We all know that sleep is important; it’s a time for rest and repair. When we don't get adequate sleep, it can impact all areas of our life. Not only does our physical health suffer, but it can also affect our appetite, mood and mental clarity. While some of us have a hard time falling asleep, others can have a hard time staying asleep. Both of these are not ideal and should be addressed.
While there are many prescription and over-the-counter sleep aids available, they provide temporary relief but don’t address the main cause/s of your sleeplessness. These sleep aids can also come with unwanted side effects and don’t allow our bodies to get the deep sleep that it truly needs.

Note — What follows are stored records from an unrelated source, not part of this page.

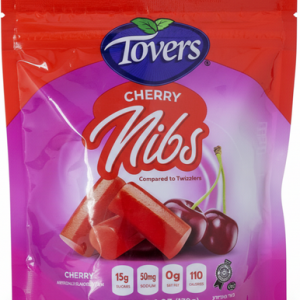 Tovers Cherry Nibs, Cherry aromatisierte Kaubonbons, koscher zertifiziert, wiederverschließbare Tasche, 6 Unzen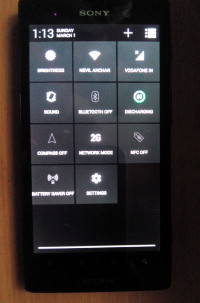 Black Sony Xperia ion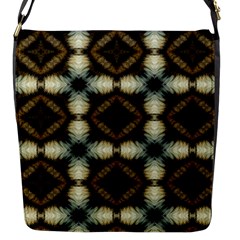 Faux Animal Print Pattern Flap Closure Messenger Bag (small)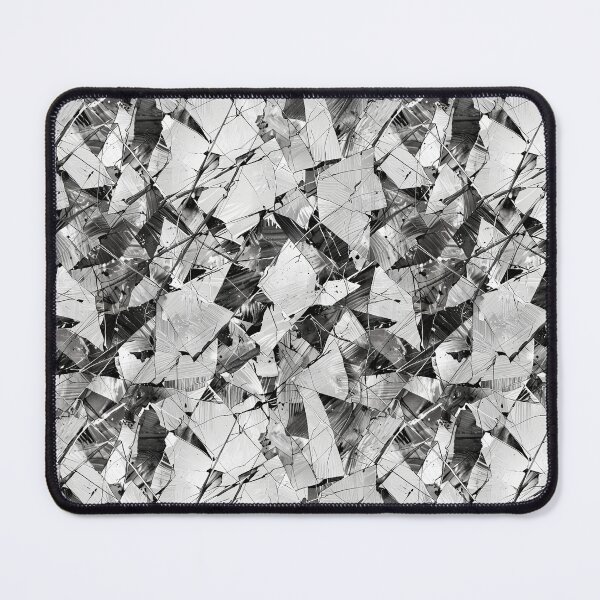 Item preview, Monochrome design of shattered glass designed and sold by CoolPixels.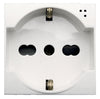 WHITEK S44 Presa Schuko Bipasso 2P+T 10/16A 250V Bianco Opaco, 446090/15TS
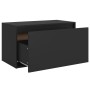 Schwarze Flurbank aus Holzwerkstoff, 80 x 40 x 45 cm von vidaXL, Bänke für Hallen und Lager - Ref: Foro24-808667, Preis: 60,0...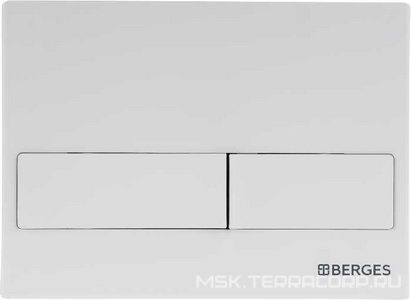 Клавиша для инсталляции, двухрежимная, цв. Soft Touch матовый белый ZZ Berges Novum 040014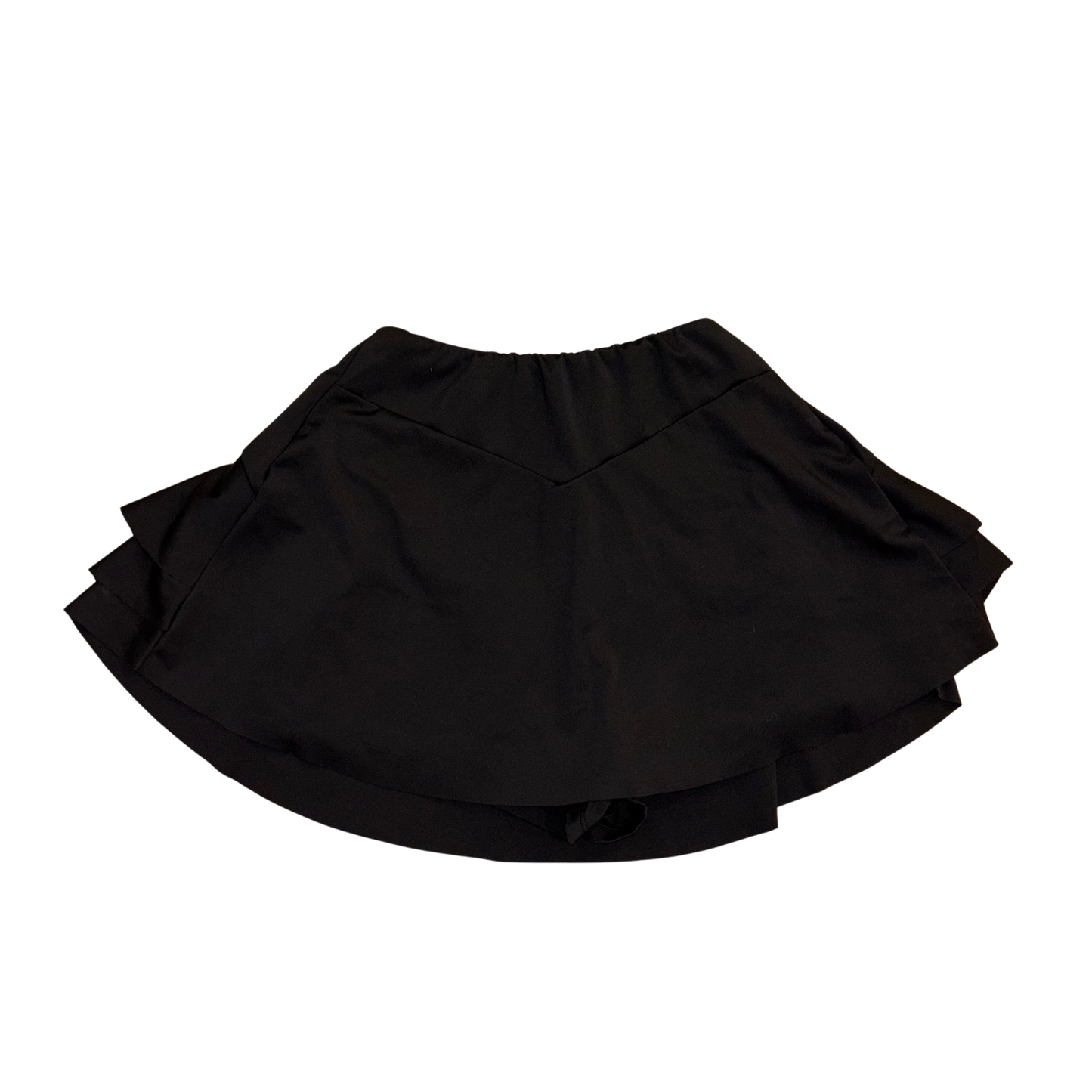 Black Ruffle Skort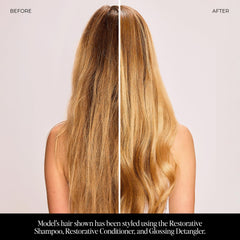 Textura sedosa del acondicionador LolaVie para cabello más manejable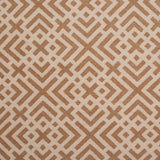 Tannin and Eggnog Geometric Acrylic-Polyester-Viscose Chenille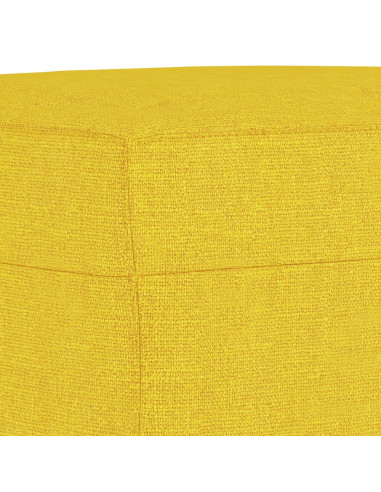 Poggiapiedi Giallo Chiaro 60x50x41 cm in Tessuto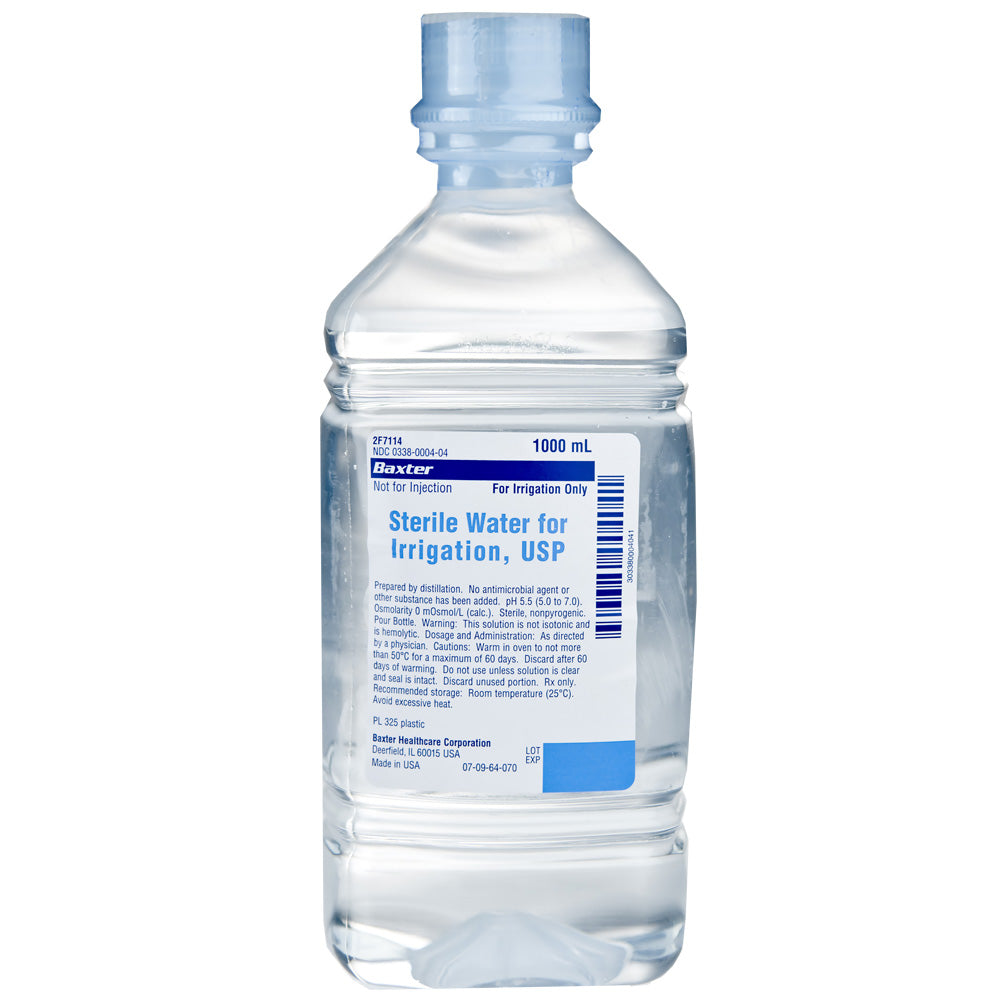 Eau stérile pour irrigation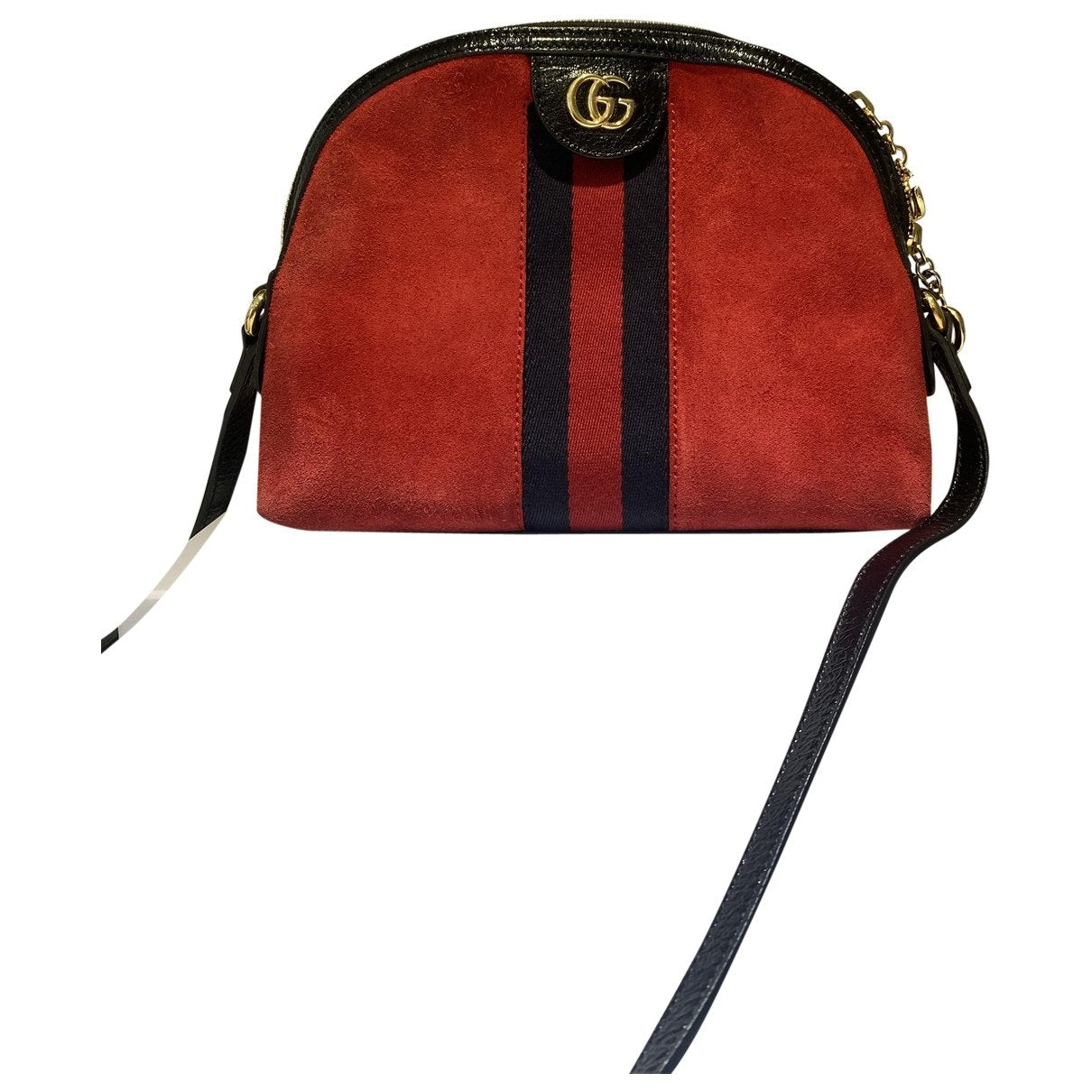 Gucci ophidia red suede handbag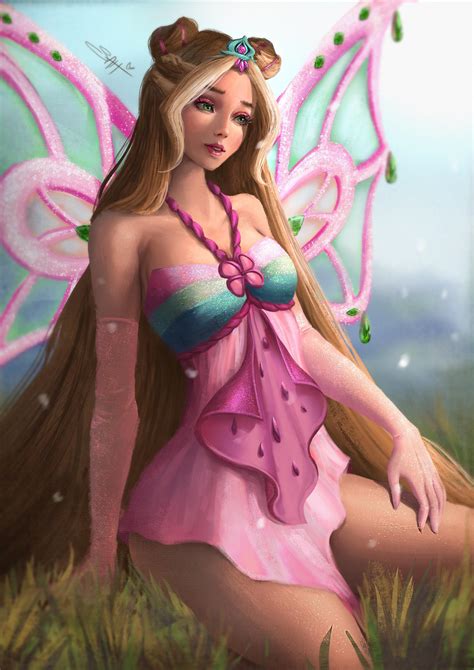 I Just Finished My Enchantix Flora FanArt R Winxclub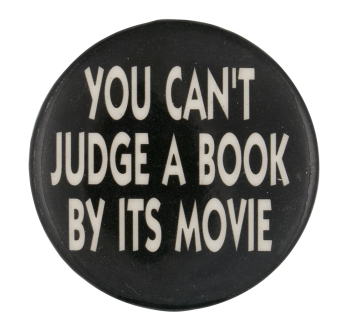 Can't Judge a Book by Its Movie Ice Breakers Button Museum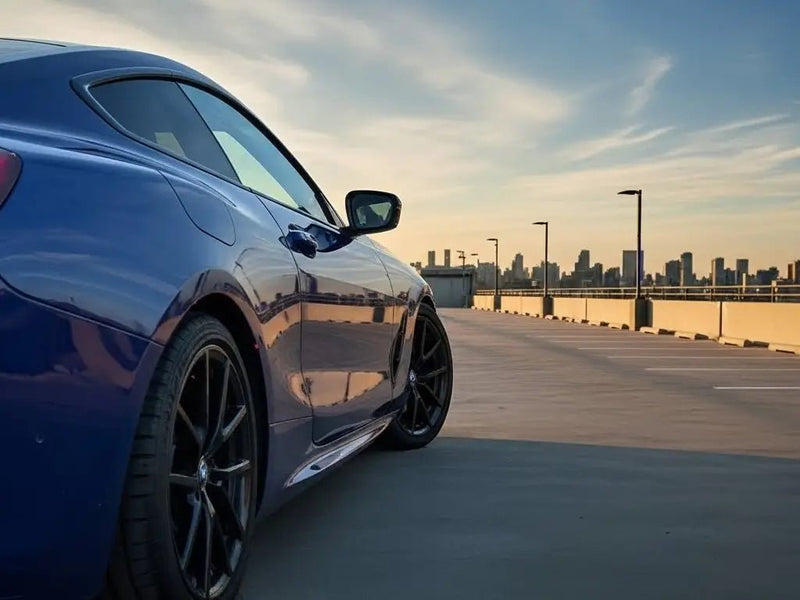 BMW 4 Series wrapped in Hexis Gloss HX20000 Abyssal Blue vinyl wrap HX20532B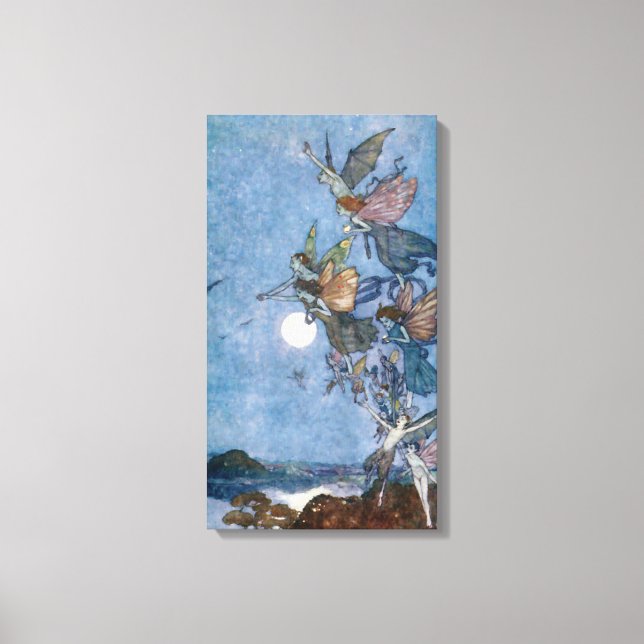 Elvar och Älvor från Tempest Canvastryck (Framsida)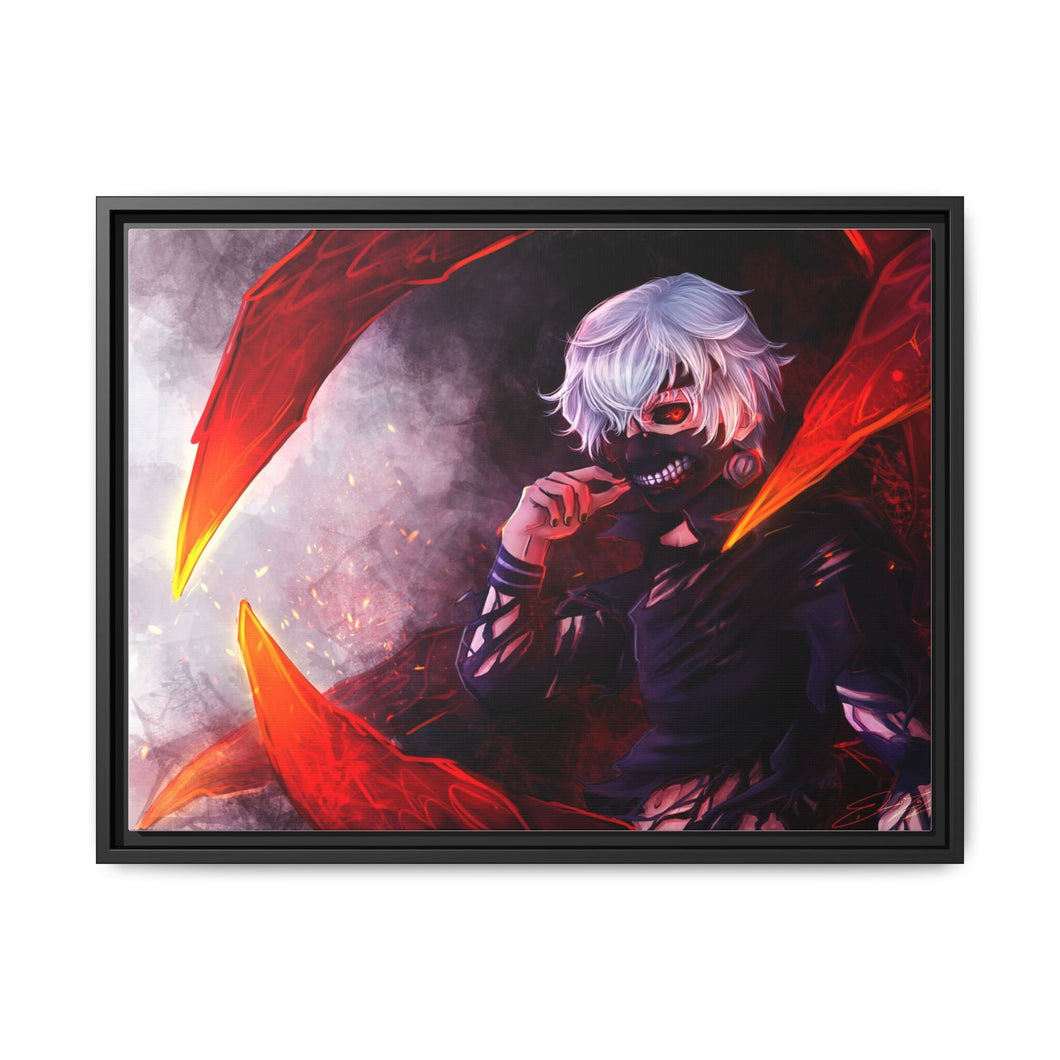 Tokyo Ghoul Ken Kaneki Canvas Framed Art Print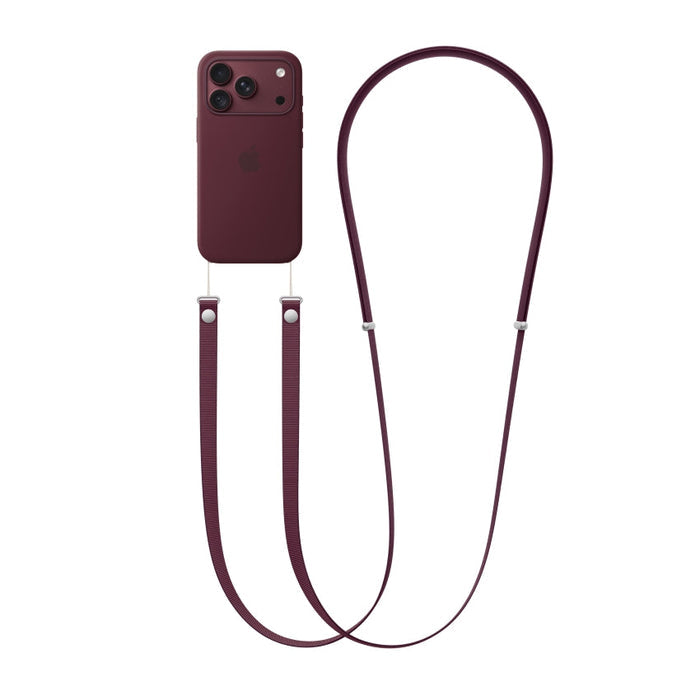 Crossbody Strap - Burgundy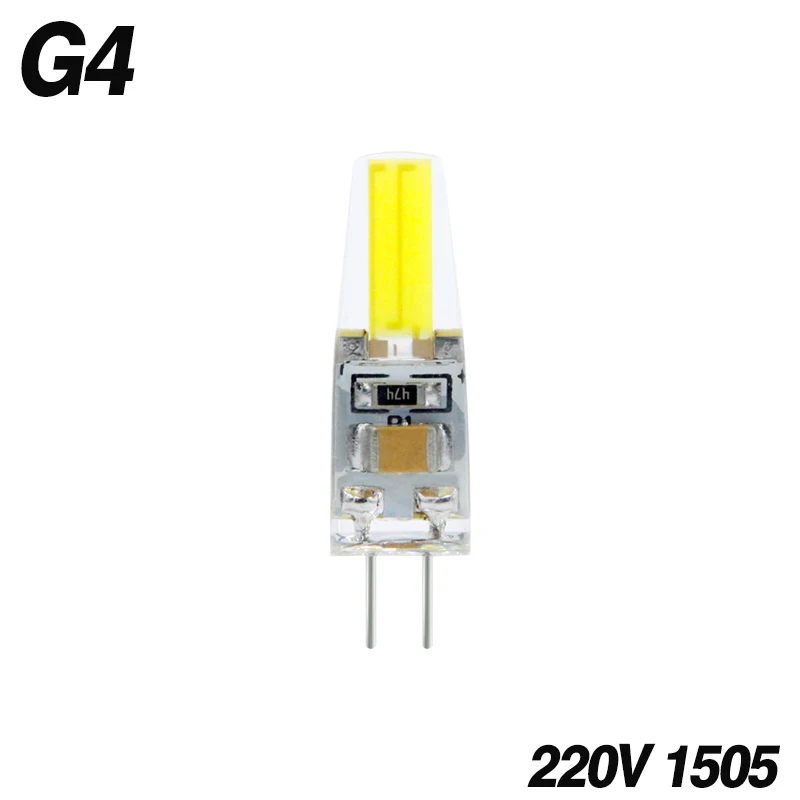 Светодиодный G4 G9 E14 лампочка AC/DC 12 В 220 В 3 Вт 6 Вт 9 Вт COB SMD светодиодный светильник заменить галогенный прожектор люстра - Испускаемый цвет: G4 AC 220V 6W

So instead of resorting to a bandaid for your insomnia, here are some all natural tips to help you improve your sleep:
MINIMIZE BRIGHT LIGHT
When the sun goes down and the lights go out, our brains (specifically the pineal gland) start to produce melatonin which is our sleep time hormone. When the sun starts to come up in the morning and we sense the presence of light, the pineal gland then starts to produce serotonin which is our daytime wakefulness hormone. So when we have a bunch of lights on in the evening, or are taking in the bright light from our phones or the television, we don’t produce the amount of melatonin needed to get us to start feeling sleepy. I find that it’s best to “unplug” from technology and use dim lighting at least 1 hour before bedtime. I love using the last hour of my day to be tech-free and to practice self care. Click here to check out some of my favorite self care activities.
CREATE A SLEEP SANCTUARY
A cool, dark and quiet environment is best for quality sleep. Our body temperature naturally lowers as we sleep, so having a cooler environment can help stimulate and initiate sleepiness. The ideal temperature range is somewhere between 60-67 degrees fahrenheit. Having white noise from a fan can also help block distracting noises and produces soothing sounds that can help improve sleep. A clean and calming space can also help aid in relaxation. I enjoy using a soothing and calming lavender sleep spray to help promote sleepiness.
BE MINDFUL OF YOUR CAFFEINE INTAKE
Caffeine affects everyone a little differently - some of us metabolize it better than others. Some caffeine sources such as coffee, cause spikes in adrenaline and glucose which also impact our insulin levels. In some people, this combination can produce jitters and anxiety. While there are some health benefits to consuming coffee, its best to minimize or even eliminate coffee if you find yourself feeling wired, especially late in the day. Remember that caffeine is also found in soft drinks, chocolate and some teas, so be mindful of those as well. If you want to continue to enjoy your products that contain caffeine, reduce the amount and consume it earlier in the day. I recommend a “caffeine cut-off” time each day - the more caffeine affects you, the earlier the time should be. It also might be helpful for you to switch to lower caffeinated beverages
Here are some of my favorite coffee alternatives:
Easy Vanilla Matcha Latte
Four Sigmatic Mushroom Coffee
CREATE A SLEEP SCHEDULE
Creating a solid sleep schedule can help get your body into a routine so that it will naturally start to wind down each day. If you start to “power down” each night an hour before your set bed time, this continuous schedule will help initiate sleepiness on its own. It can be helpful at first to create an alarm on your phone as a reminder to start winding down.
EAT BALANCED MEALS
Eating a balanced diet that includes all the macronutrients (protein, fats and carbohydrates) is important for energy, repair and satiation. If you’re not meeting your body's nutritional needs, your sleep will likely be affected. If you consume a high amount of refined and processed food, your blood sugar will likely be impacted which can negatively impact your sleep. While it’s important to consume foods in their natural and whole state, it's also important to make sure you’re getting in the beneficial dietary fiber. Fiber not only helps with satiety and digestion, but it also helps stabilize our blood sugar. Fiber is found abundantly in the plant kingdom (vegetables, fruit, grains, legumes, nuts and seeds), so be sure to get lots of those items in throughout the day.
While insomnia and difficulty sleeping can result from a variety of things, these tips will make sure your sleeping basics are covered.